*What you have to do*
Write the records below out again word for word, with the pictures removed.

(Data records)
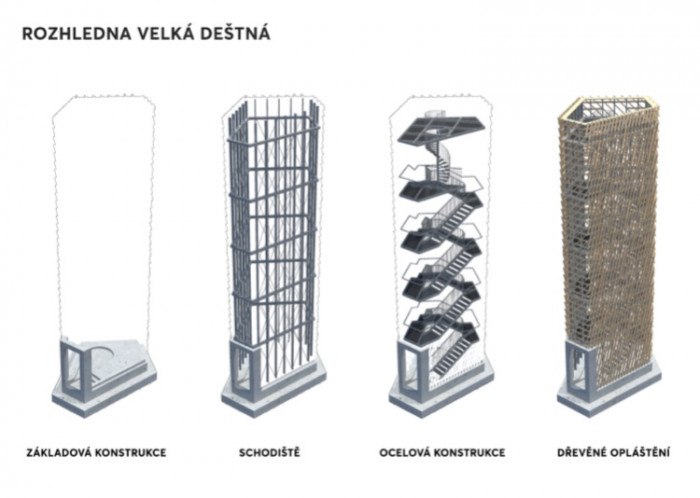 Rozhledna Velká Deštná, Architekti.in, schéma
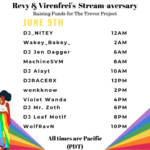 Revy and Virenfrei Stream-iversary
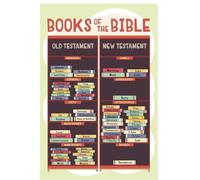 CBQZCHWDKT Bible Learning Poster for Kids - Books of the Old & New Testament Chart - Gift for Christian Families, Homeschool Wall Art, Sunday School Teaching Aid(Framed,08x12inch(20x30cm))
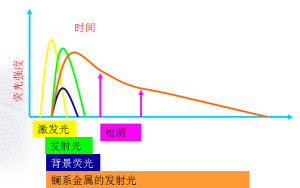 长寿命荧光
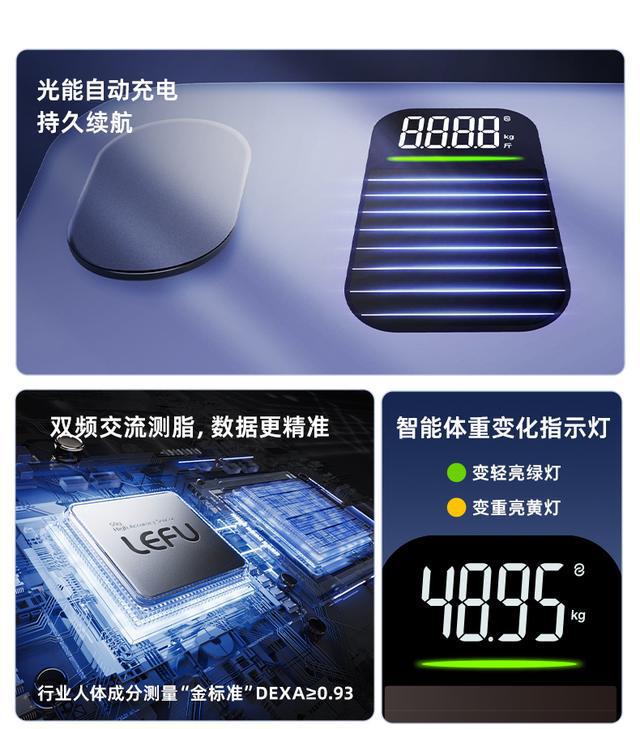 48项指标超小米华为实现深度健康分析开元棋牌app乐福体脂秤创新光能充电(图5)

*Final answer*
 Rozhledna Velká Deštná, Architekti.in, schéma
 Revy and Virenfrei Stream-iversary
 CBQZCHWDKT Bible Learning Poster for Kids - Books of the Old & New Testament Chart - Gift for Christian Families, Homeschool Wall Art, Sunday School Teaching Aid(Framed,08x12inch(20x30cm))
 长寿命荧光
 48项指标超小米华为实现深度健康分析开元棋牌app乐福体脂秤创新光能充电(图5)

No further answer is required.